66.8 miles Crask Inn to Thurso (NCN1 Crask Inn to Reay via Tongue, then A836 to Thurso)

£40 dinner, bed, and breakfast plus bar drinks at The Crask Inn bunkhouse and pub, Crask Inn
£14.25 for beef burger and pot of tea plus four postcards at The Tongue Hotel, Tongue

It was clear that the only staff at the Crask Inn were the slightly eccentric couple who ran it. They both look more like farmers than B&B owners. That's because they are farmers, and run the pub, B&B, and bunkhouse alongside the farm. It was therefore unusual but understandable to notice the ingrained black stains around the man's fingers when he brought us our breakfast, the large blue pen stain on his shirt (the shirt was clean, I'm sure he just has the sensible logic that the shirt still does the job of covering his nakedness, so why stop wearing it just because something dark blue got spilt down the front), and the woman's haircut that truly did look as if her husband had cut it using a pudding bowl and set of sheep shearing implements.

I hadn't seen these things over dinner the night before. This was probably because I was tired from being on the bike all day, plus the effect of the two pints of organic Black Isle ale that they sell in the bar alongside 45 different malt whiskies. I also hadn't noticed the colour of the drinking water that they brought out in jugs for the tables. It was brown. As the houses are so very remote, they must have to have their own water supply (they have their own generator for electricity) so it's probably drawn from a well or spring and the ground is peat around there. The water tastes fine, it's just an unexpected colour.

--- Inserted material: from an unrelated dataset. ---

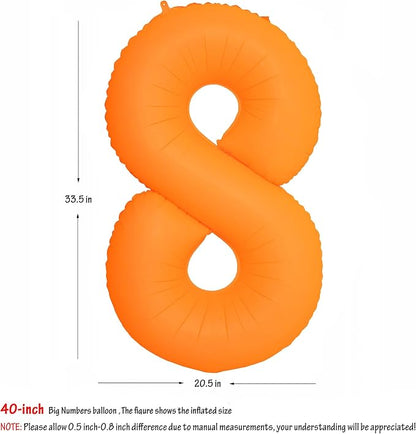 Orange Birthday Number 8 Balloon 40 inch Fluorescent Orange Number 8 | Helium - Image 2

We'd been given one specific time for dinner the night before, with no choice. Therefore all 16 of us had been in the front room of the house (the bar) together and moved through to the back room (the dining room) when a small bell had been rung. Breakfast was staggered though, as I imagine the couple find it easier to cook that number of hot breakfasts in small batches rather than all at once. When I'd asked about breakfast before leaving the dining room for our bunkhouse / cottage, I was told I could choose any time I liked except 7am as the group of 5 cyclists plus their support van driver had chosen that time. I asked for 7:30. Unlike the other cyclists, I wasn't pushing on for the final 80 miles to John O'Groats in one ride, but I still had a fair way to go and had seen the elevation maps for the second part of the day once I hit the coast, so knew it was going to be a tough ride getting to Thurso.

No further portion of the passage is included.